There's nothing misleading there. You only read the post with a closed mind; it's obvious you did.


If you want to hang a dog by giving it a bad name, make sure you do it very well.

Mission accomplished.
Re: Debunking The Miracles Supposedly Substantiated By Dr Richard Casdorph by JoelB: 6:11am On Feb 12, 2015
I see nothing in this thread that legitimately discredits the book. Quoting personal and atheist-site prejudice without addressing a single miracle in the book or the merits of the medical evidence therefor is illegitimate. I've never been a Kathryn Kuhlman fan, but the evidence in the book must be evaluated on it's own merit — which Pr0ton and others have NOT done. It seems obvious that Pr0ton has not read the book and therefore is in no position to discredit it.

I've not read the book yet either, but I have read the ten account summaries at http://www.is-there-a-god.info/life/tenhealings.shtml. According to that site, Casdorph provides supporting medical documentation (xrays, arteriograms, etc.) in his book for at least three or four of the cases he describes.

I've recently analyzed the before-and-after medical and testimonial evidence for a dramatic sight-restoration miracle (my 10,000+ words and graphics will soon be available online), leaving me unalterably convinced of its genuineness and divine origin. And as an analytical personality (a PhD scientist), I was not initially convinced. I've also looked carefully at the medical evidence for another miracle involving the quite substantial regrowth of an almost-destroyed an adult small intestine (which CANNOT regenerate per two GI specialists I consulted, one of whom is the consulting GI guy for the Short Bowel Syndrome Foundation).

NO evidence and NO analysis, regardless of validity or extent, will convince a closed-minded person with emotional/lifestyle/pride/worldview investments in the non-existence of miracles in particular and God in general. However, a reasonable person would doubtless join me in my assessments.

Those are just two of a large number of miracles I'm aware of. More broadly, for tough-minded high-endurance types, consider reading Craig Keener's extensive (1248 page!) discussions of both ancient and present day miracle claims in 'Miracles: The Credibility of the New Testament Accounts'. Yet more broadly, the percentage-data findings of a 2006 Pew-Forum-survey * suggest that --- per today's world population figures --- nearly a billion residents of ten countries have claimed experiencing and/or witnessing divine healings.

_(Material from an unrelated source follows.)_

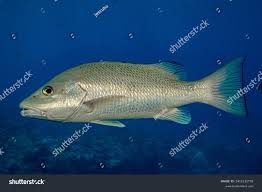 Image result for Lutjanus griseus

Some such claims doubtless are redundant and some doubtless relate to coincidence, trickery/fakery/suggestion, psychosomatic relief, false attribution of natural cause and effect, etc. However, even if we assume that 999 out of 1000 claims fall into those categories --- a very ruthless discount, that leaves a million (1 in 1000) that don't.

For readers who struggle to accept the reality of miracles, consider that Hume's main argument against miracles has been thoroughly discredited as logically invalid. (Not an empty claim; I can supply a rebuttal, though that's beyond the scope of this post.) Moreover — contrary to common perceptions or claims — science (vs. scienTISM — a worldview) has absolutely *nothing* legitimate to say against true miracles. Miracles by definition *transcend* the domain of science — the natural — and, I submit, are implicitly implemented using a physical-law SUPERset that *transcends* the time-dimension, space-dimension, and physical-law SUBset that defines the physical essence of our universe, starting at the Big Bang.

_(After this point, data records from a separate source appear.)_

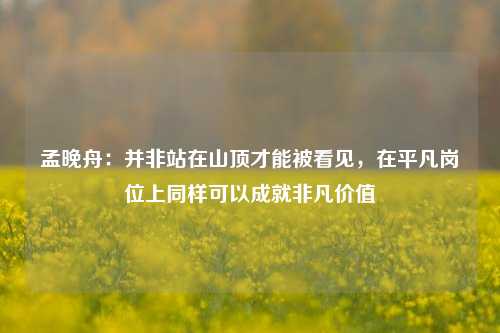 孟晚舟：并非站在山顶才能被看见，在平凡岗位上同样可以成就非凡价值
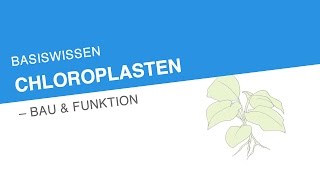 BASISWISSEN CHLOROPLASTEN – BAU ampamp FUNKTION  Biologie [upl. by Grider]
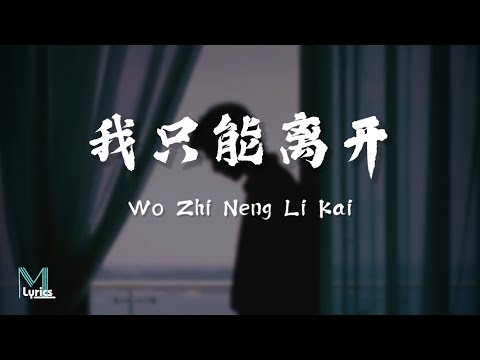 Yan Ren Zhong (顔人中) -  Wo Zhi Neng Li Kai (我只能离开) Lyrics 歌词 Pinyin/English Translation (動態歌詞)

For the more technically minded among you, note that physics and cosmology still wrestle with what initiated the Big Bang:

"...there was nothing before the Big Bang as time also started with the Big Bang: there was no ‘before’ for anything to be happening in. Nobody has come up with a testable explanation of what caused the Big Bang, and the question may not actually be meaningful. [[I disagree.]] This is mind-boggling stuff, but it does seem to fit the facts.” **

Ideas of initiation by quantum fluctuations somewhere *outside* of our space-time — a forever unknown domain with forever unknown properties — don't logically cut it. Our universe was logically initiated by *transcendent* agency at some point in a *second* time dimension *outside* of OUR time dimension — which is generally recognized (per the space-time theory of general relativity) to have been *created* at the Big Bang.

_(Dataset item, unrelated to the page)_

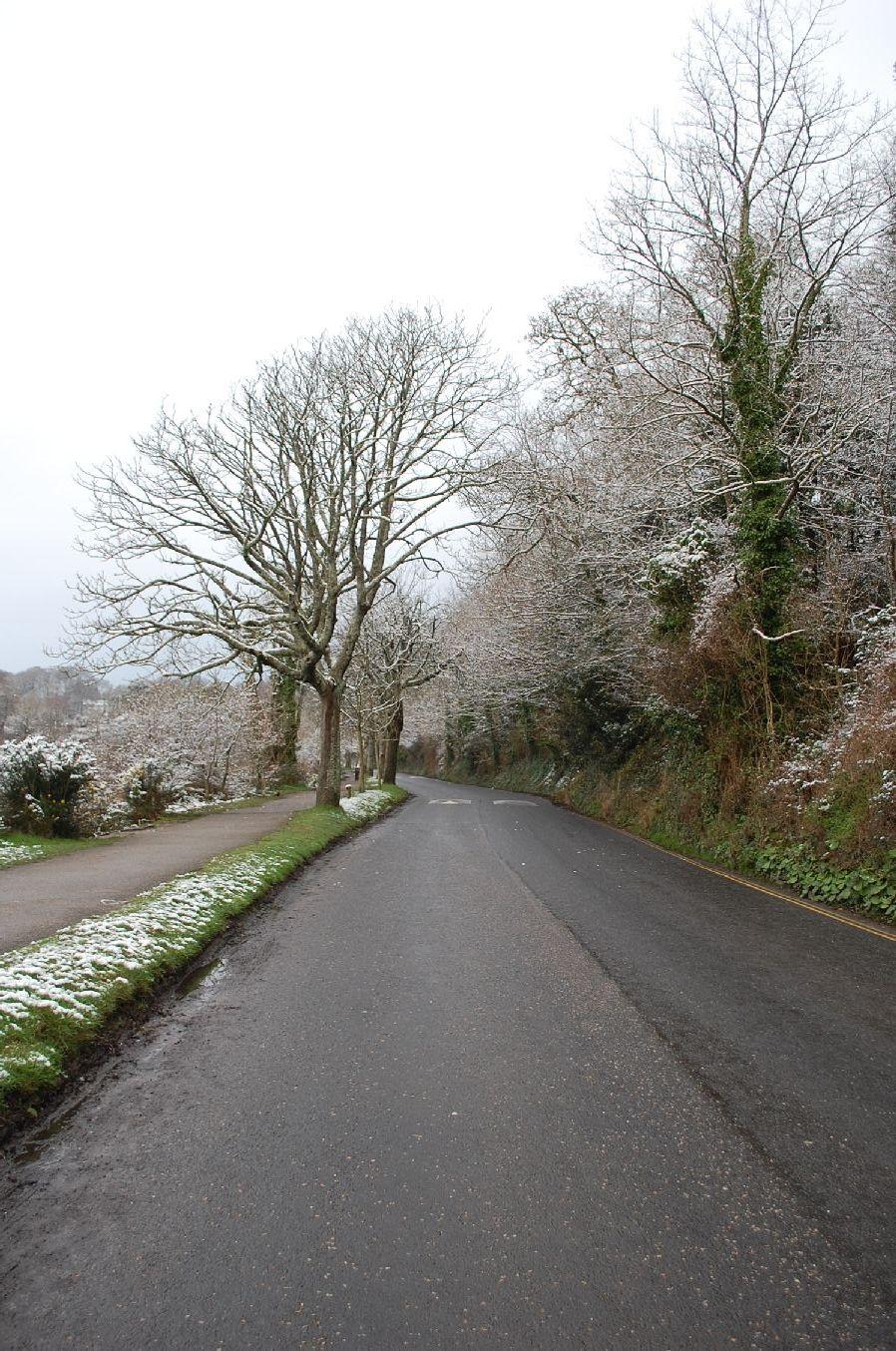 The road past Swanpool, Falmouth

__________________________________
*'Spirit and Power: A 10-Country Survey of Pentecostals', Pew Forum On Religion & Public Life, 2006, p. 137. I look at ‘All’-labeled statistics with ‘Yes’ answers from the GENERAL populace of those countries, not Pentecostals specifically. Accessed 2/6/2015 at http://www.pewforum.org/2006/10/05/ spirit-and-power-a-10-country-survey-of-pentecostals3/.

** 'How did the Universe begin?', Science and Technology Facilities Council, LHC Project Simulator, Take 5, 2013. Most recently available as of 1/4/14 at: http://www.particledetectives.net/html/universe_begin.html. I'm not sure it's available *directly* at that URL today; I can supply a PDF of the original page if someone wants to see it.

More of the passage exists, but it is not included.